Legacy Documentation - PHG Version 1

This section contains documentation for PHG version 1, which is no longer actively developed. It is preserved here for archival and historical reference only. If you are looking to use the Practical Haplotype Graph, please refer to the PHG v2 documentation, which reflects the current version of the software.

Create Haplotypes¶

Overview¶

This step allows you to load Haplotypes into the Database. Currently we support inputs from WGS fastq files, BAM files of WGS reads aligned to a reference and a GVCF file. Depending on the inputs, you will need to run a different Script.
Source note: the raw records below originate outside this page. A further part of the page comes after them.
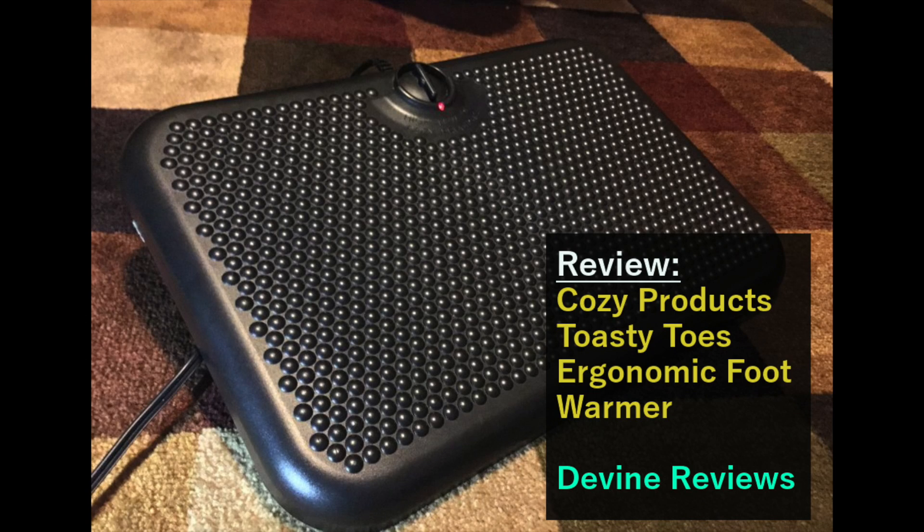Hello folks, this is Eric Devine coming at you from DevineReviews.com, and today I'll be reviewing the Toasty Toes Ergonomic Foot Warmer by Cozy Products.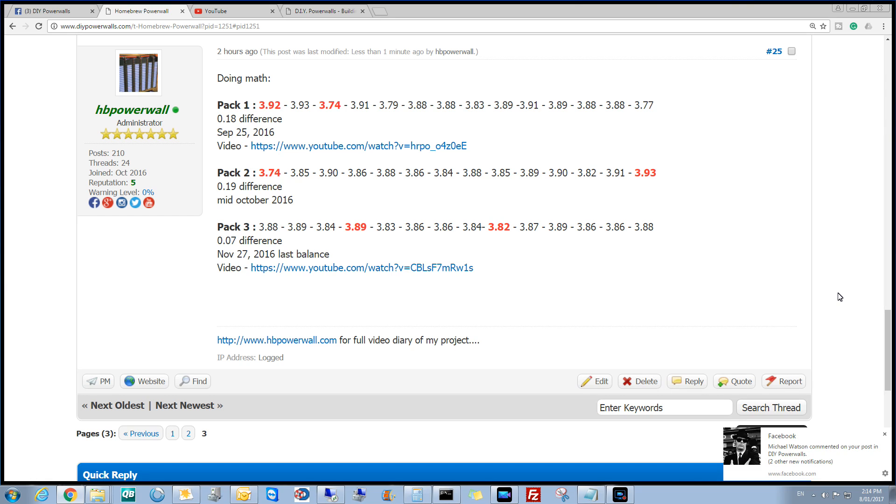Hey guys, okay, we're back up in the workshop now. I've just put it all together on the DIYPowerwalls.com forum, because trying to do it in the video took me ages so I gave up. Basically, we've got 3.92 as a high and 3.74 as a low on pack one, which is a 0.18 volt difference. That was last balanced on the 25th of September — the video is just below. If you want to look at the video, just click in the description.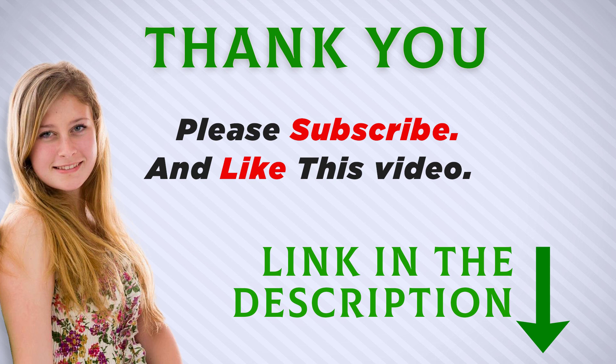Thank you for watching this video. Make sure to subscribe so you don't miss out on my future videos.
Note, as of PHG version 0.0.20, the keyFile plugin parameter has been renamed wgsKeyFile.¶

Scripts¶

Please refer to each scripts documentation for more detailed instructions.

Steps of the Pipeline¶

Check to see if the reference is BWA and fai indexed
1. If not index using bwa, samtools and picard
Align WGS fastqs to the reference using bwa mem
Sort and MarkDuplicates in the output BAM file
Filter the BAM file based on Minimum MapQ
Run HaplotypeCaller using GATK or Sentieon
Filter the GVCF file
Extract out the Reference Ranges and load the haplotypes to the DB

Steps 1-7 are completed by CreateHaplotypesFromFastq.groovy, Steps 4-7 are completed by CreateHaplotypesFromBAM.groovy and only step 7 is completed by CreateHaplotypesFromGVCF.groovy.

If you have data from multiple different formats, we suggest running CreateHaplotypesFromFastq.groovy first on all your fastq files, then CreateHaplotypesFromBAM.groovy on your BAMs and finally CreateHaplotypesFromGVCF.groovy on your GVCF files.

Deprecated Script:

CreateHaplotypes.sh - This script is no longer maintained.